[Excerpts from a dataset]

----------

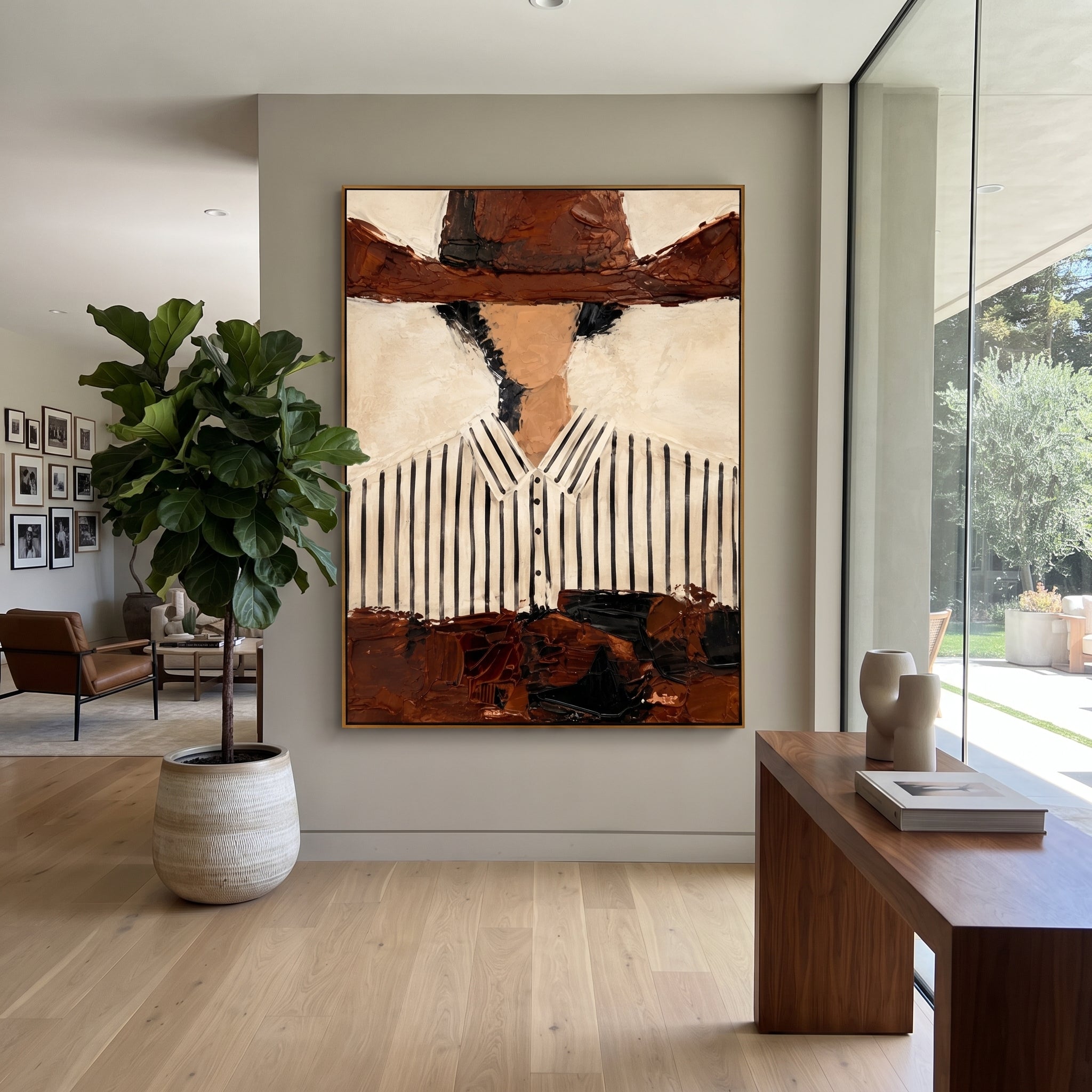 "Cropped Brown Hat Cowboy Painting" focuses on atmosphere, surface movement, and sculptural heavy impasto craftsmanship rather than a fixed literal storyline. The composition uses this hand-painted vertical canvas presents a cropped western portrait with a broad brown hat shadowing a faceless head above a white black-striped shirt as the visual anchor, while layered palette-knife paint, raised plaster-like texture, and softened brush movement create tactile depth across the canvas. Curated with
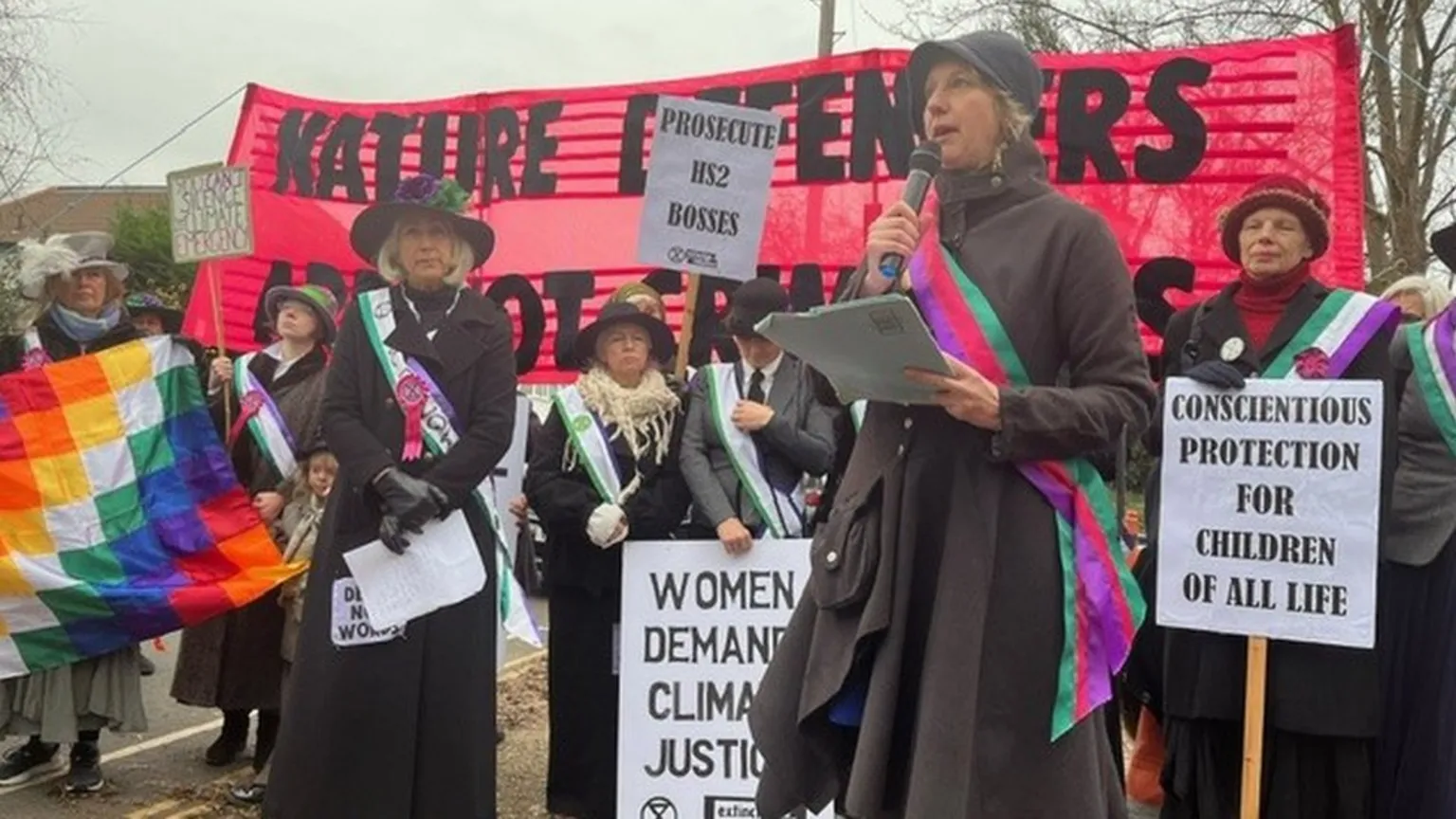 The image shows a woman in dark clothing speaking into a microphone at what appears to be a protest or demonstration. Behind her, supporters are dressed in period costume resembling suffragettes, wearing sashes and holding various signs including 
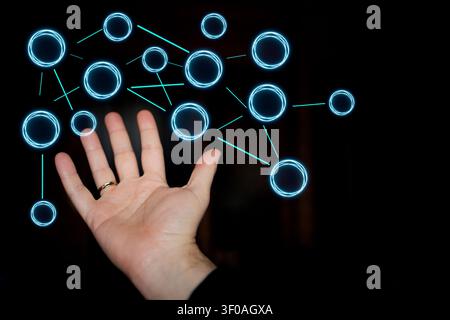 Hand extends towards illuminated blue circles and connecting lines, set against a dark backdrop, illustrating concepts of digital interaction and tech Stock Photo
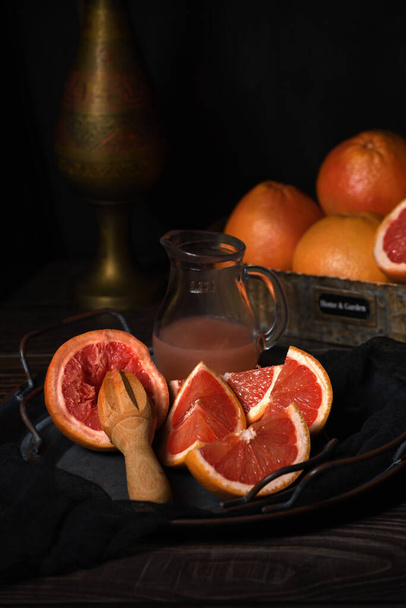 Kawałki świeżych grejpfrutów przygotowane do wyciskania świeżego soku na talerzu, ciemne tło - Zdjęcie, obraz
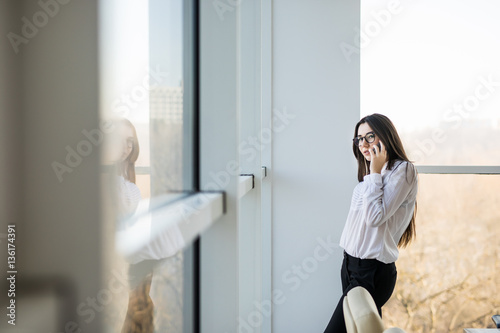 Business woman speak on phone near big office windows in modern smart space. Free Download Business woman speak on phone near big office windows in modern smart space. - GFXLoad
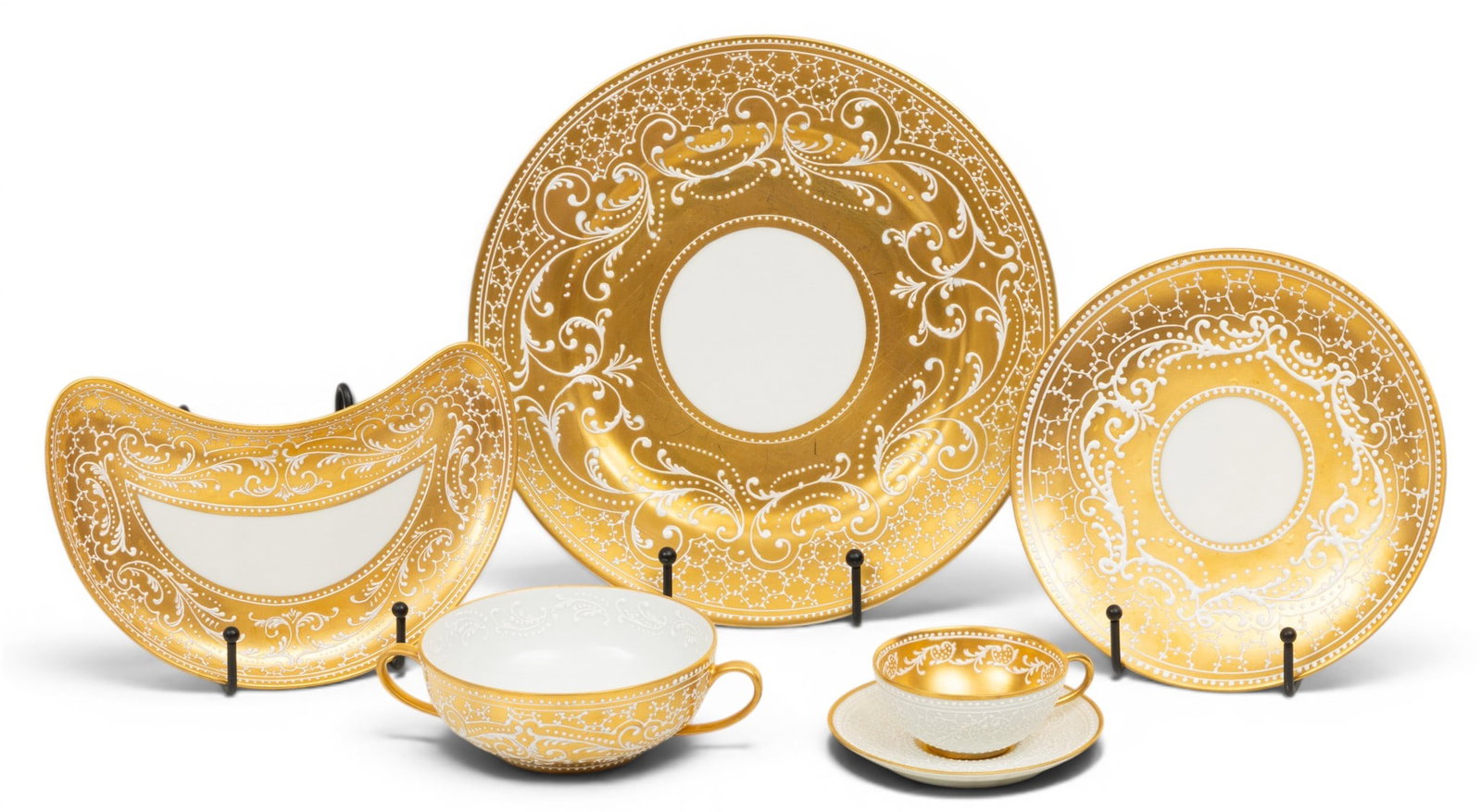 Atelier Le Tallec for Tiffany & Co (Paris) Porcelain Dinner Set for 8, Fired Gold and Enamel 1930,: Atelier Le Tallec for Tiffany & Co (Paris) Porcelain Dinner Set for 8, Fired Gold and Enamel 1930, 45 PCS All with white raised enamel decoration and fired gold interiors. 8 dinner plates @ 10", 8 cre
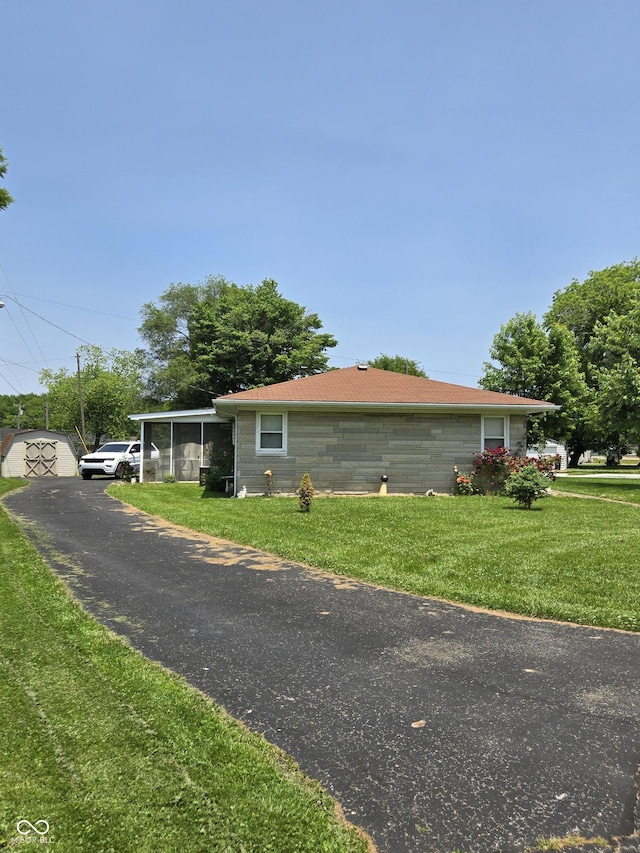 104 Meadow Ln, North Vernon, IN 47265 - view of property exterior featuring a lawn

----------

### Exercise details
Please keep the pictures out and reproduce the records above exactly.

### Finished task
 "Cropped Brown Hat Cowboy Painting" focuses on atmosphere, surface movement, and sculptural heavy impasto craftsmanship rather than a fixed literal storyline. The composition uses this hand-painted vertical canvas presents a cropped western portrait with a broad brown hat shadowing a faceless head above a white black-striped shirt as the visual anchor, while layered palette-knife paint, raised plaster-like texture, and softened brush movement create tactile depth across the canvas. Curated with
 The image shows a woman in dark clothing speaking into a microphone at what appears to be a protest or demonstration. Behind her, supporters are dressed in period costume resembling suffragettes, wearing sashes and holding various signs including 
 Hand extends towards illuminated blue circles and connecting lines, set against a dark backdrop, illustrating concepts of digital interaction and tech Stock Photo
 Kawałki świeżych grejpfrutów przygotowane do wyciskania świeżego soku na talerzu, ciemne tło - Zdjęcie, obraz
 Business woman speak on phone near big office windows in modern smart space. Free Download Business woman speak on phone near big office windows in modern smart space. - GFXLoad
 Atelier Le Tallec for Tiffany & Co (Paris) Porcelain Dinner Set for 8, Fired Gold and Enamel 1930,: Atelier Le Tallec for Tiffany & Co (Paris) Porcelain Dinner Set for 8, Fired Gold and Enamel 1930, 45 PCS All with white raised enamel decoration and fired gold interiors. 8 dinner plates @ 10", 8 cre
 104 Meadow Ln, North Vernon, IN 47265 - view of property exterior featuring a lawn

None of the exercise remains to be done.